Question

the figure below is dilated by a factor of 4 centered at the origin. plot the resulting image. click twice to plot a segment. click a segment to delete it.

Explanation:

Step1: Recall dilation formula

For a dilation centered at the origin with scale - factor $k$, if a point $(x,y)$ is dilated, the new point $(x',y')$ is given by $(x',y')=(k x,k y)$. Here $k = 4$.

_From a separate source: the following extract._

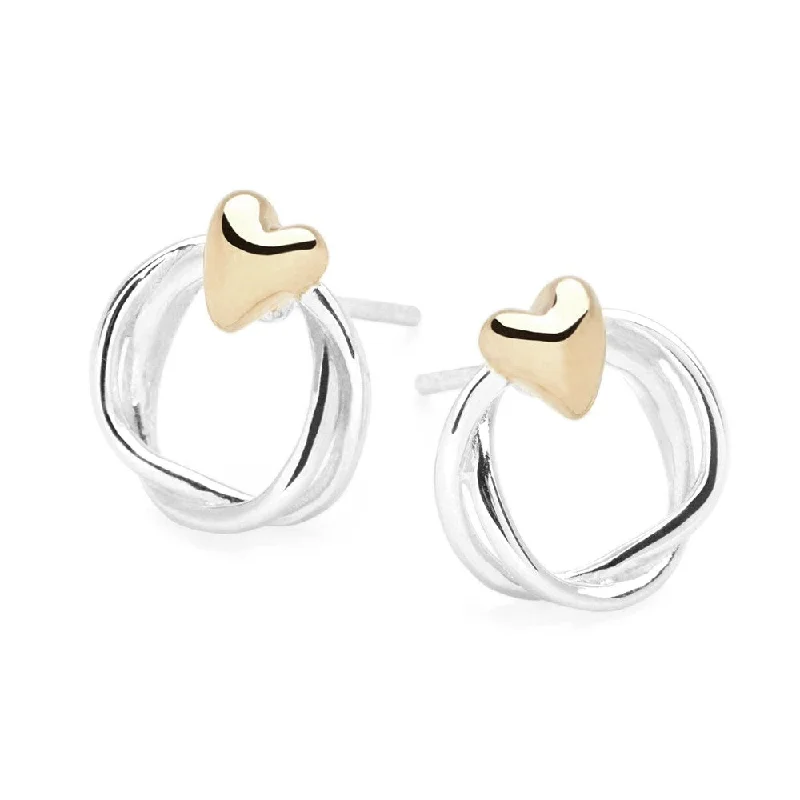 Broad hoop earrings-Heart Of Gold Earrings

Step2: Find coordinates of dilated points

• Point $N(-1,0)$: After dilation, $N'=4\times(-1),4\times0=(-4,0)$.
• Point $P(2,0)$: After dilation, $P'=4\times2,4\times0=(8,0)$.
• Point $Q(0,2)$: After dilation, $Q'=4\times0,4\times2=(0,8)$.
• Point $O(1, - 2)$: After dilation, $O'=4\times1,4\times(-2)=(4,-8)$.
• Point $R(-2,1)$: After dilation, $R'=4\times(-2),4\times1=(-8,4)$.

Step3: Plot the points

Plot the points $N'(-4,0)$, $P'(8,0)$, $Q'(0,8)$, $O'(4,-8)$, $R'(-8,4)$ on the coordinate - plane and connect them in the same order as the original figure to get the dilated image.

Answer:

Plot the points $(-4,0)$, $(8,0)$, $(0,8)$, $(4,-8)$, $(-8,4)$ and connect them to form the dilated figure.